Since 1-2 years there are some articles available which are introducing C++ as the best programming language ever which is superior to Java, C# and Python. Are these articles right? To answer the question we must take a look back into the year 1995. The advantage is, that the history is well understood and many material is available. How was the situation in programming language in the past? Programming in C++ was possible but there was many pitfalls out there. At first, the Borland C++ compiler cost a lot of money and needs huge ressources. If somebody was interested in writing a simple Hello World program such a compiler was not the best choice, the better idea was to use a basic interpreter from MS-DOS or the Commodore 64.
But, it was clear that at least in the year 1995, C++ was an advanced high-end programming language. Because it contains lots of features: compilation of sourcecode result into fast applications, object-oriented programming is highly productive and templates allows to write the same algorithm with less code. Suppose, somebody was familiar with C++, has a lot of money and has also a fast developer workstation, then C++ was the way to go.

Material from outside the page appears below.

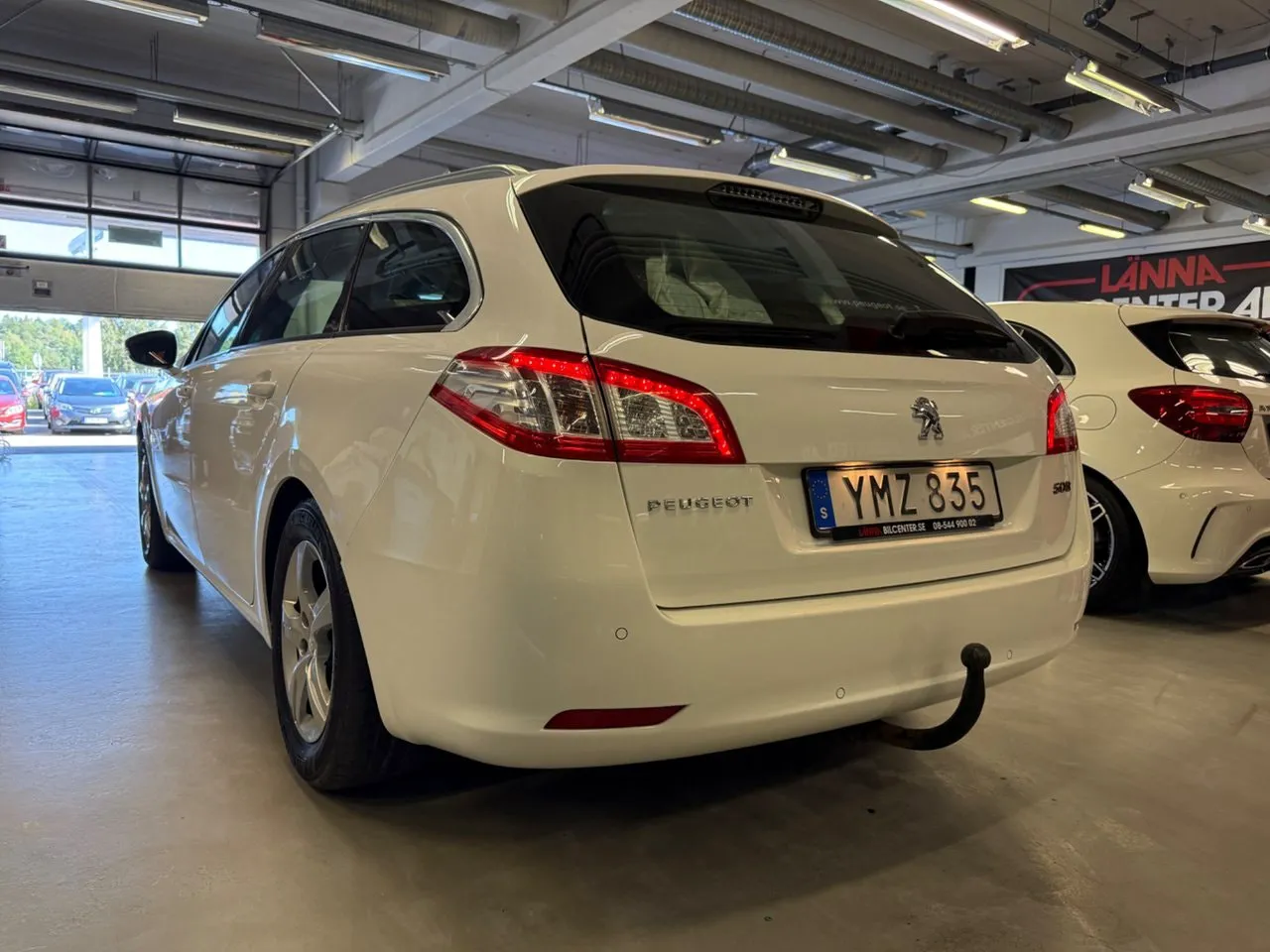 Vehicle image 7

Since then lots have changed. State-of-the-art C++ compilers like GCC are available for free, a cheap consumer PC can be used as a workstation and new language feature like std::vector allows it to use C++ like Python. C++ works the same like in the year 1995 but without the pitfalls. And that is the reason, why some people are arguing that C++ is the language of the future. Basically it is the same language like in the year 1995, but today the costs are much lower. Perhaps the most interesting aspect is, that C++ scales to many demands. At first it is possible to write any application with it: web application, command line programs, GUI applications, games, compilers and operating systems. And secondly it is possible to use a C++ compiler in many ways. The beginner can program in C++ like in a python interpreter. That means he is writing down a hello world function which contains apart from a loop and an if-statement no interesting feature, while the expert programmer can define his own class library and use template metaprogramming. It is even possible to extend C++ into a stack-based programming language, which is called UNconventional Threaded Interpretative Language (UNTIL) and was invented by Norman E. Smith.
A look back into the year 1995 is also useful to determine the importance of GUI-libraries. In 1995 there were two major libraries out there: Object Window Library (OWL) from Borland, and Microsoft Foundation Classes (MFC; Microsoft). Such a library together with an object-oriented language is a powerful tool for creating complex application in a short amount of time. And this answer perhaps the question which programming language is right for today. In the year 2018 there are also two important open question: which language is right, and which GUI library is right?
Let us take a look into a bottleneck of today's C++ development. Under MS-Windows, C++ works great. Or to say it better: there are C++ libraries out there. If the user want's to program in Linux a GUI application he will run into trouble. The gtkmm library is available, it can be installed for free, but it is very weak documented and no introduction tutorials are available. That means, a newbie is not able right now to program under Linux a C++ GUI application. In contrast the situation in Windows is much better. I would guess, that a missing C++ GUI library which is well documented in an open Source operating system is the major bottleneck in todays C++ development. That means, if somebody is arguing he is not using C++ but C# under MS-Windows because it has the better library then he is probably right.